:: DATA SHOWN ::

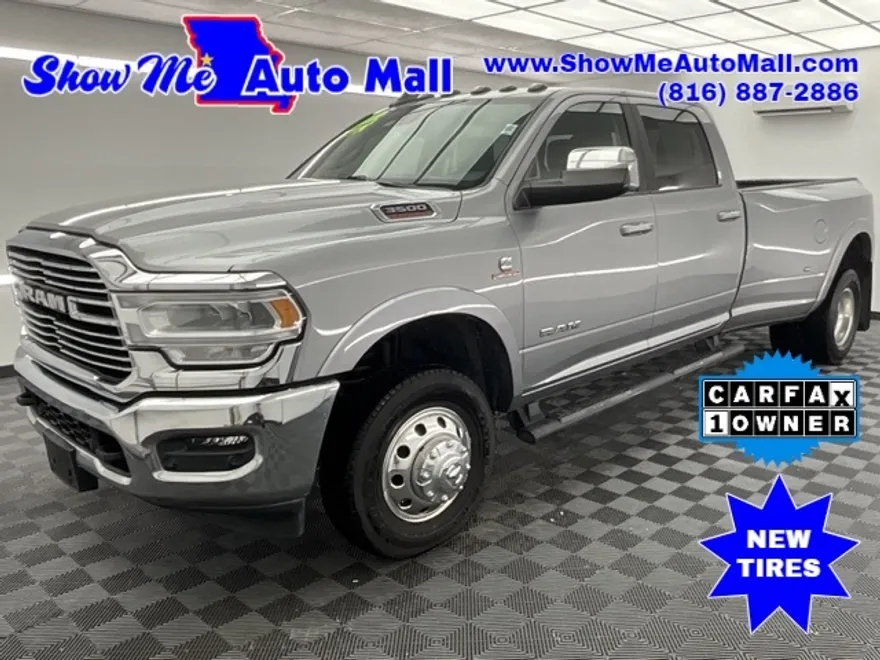 2022 Ram 3500 Laramie photo 1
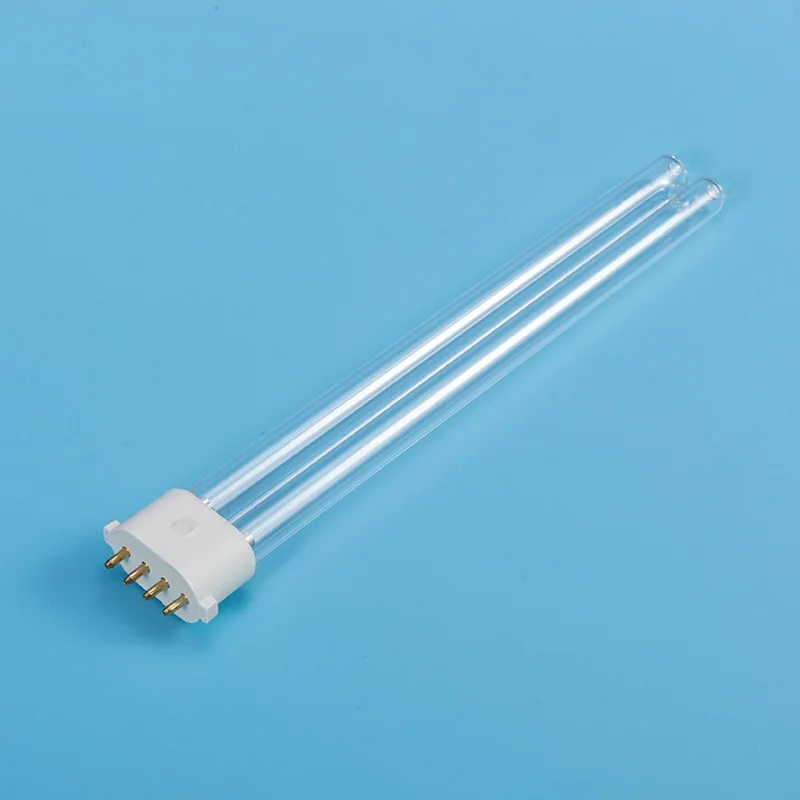 2G7 UVC Bulb Ozone UV Light UV Tube 4-pin Ultraviolet Lamp UV-C Light Tube Ozone UV lamp for Zapper 5W 7W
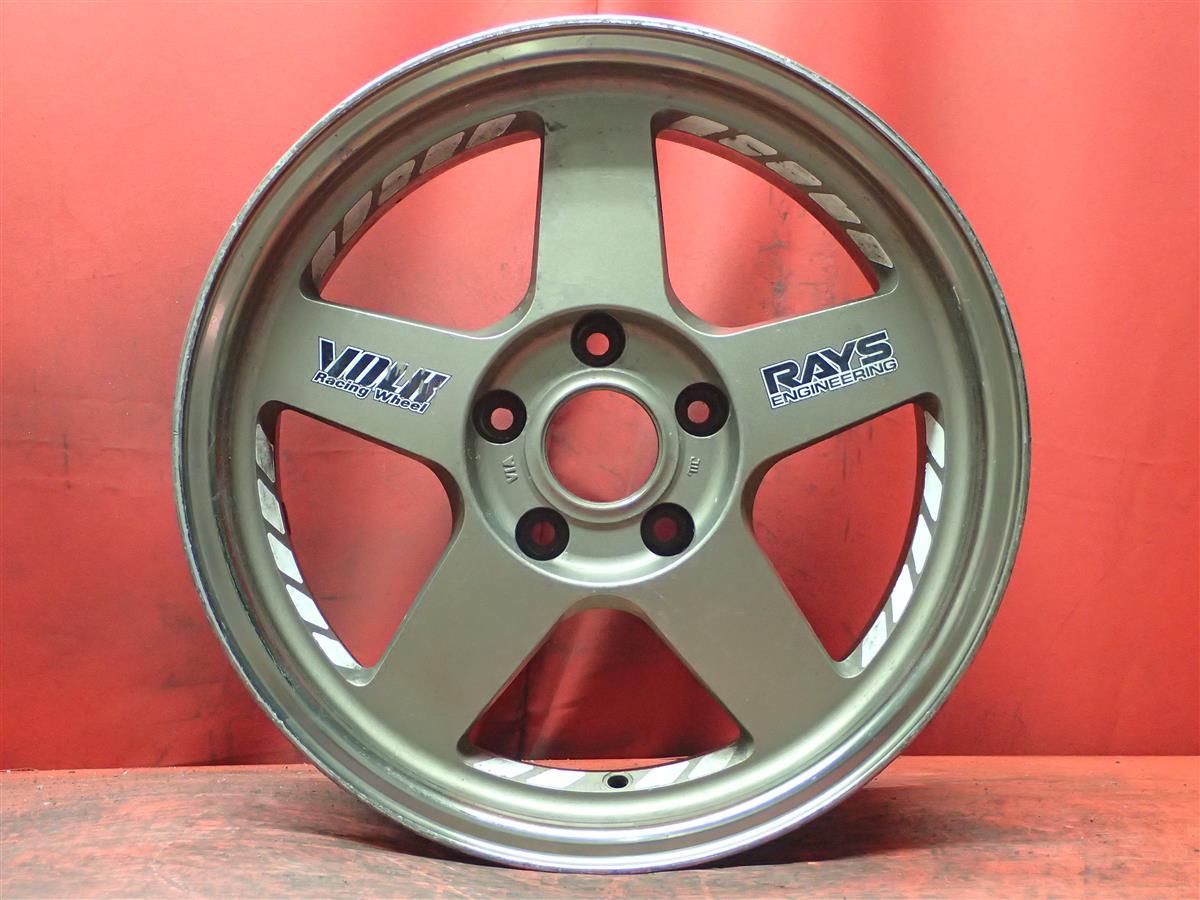 VOLK RAYS RACING レイズ ボルクレーシング 単品 1本 社外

:::

**REQUIRED WORK**
Only exact copies are wanted here. Write out the lines from the one containing "2G7 UVC Bulb" through the end of the material and no others, omitting all pictures.

**RESULT**
 2G7 UVC Bulb Ozone UV Light UV Tube 4-pin Ultraviolet Lamp UV-C Light Tube Ozone UV lamp for Zapper 5W 7W
 VOLK RAYS RACING レイズ ボルクレーシング 単品 1本 社外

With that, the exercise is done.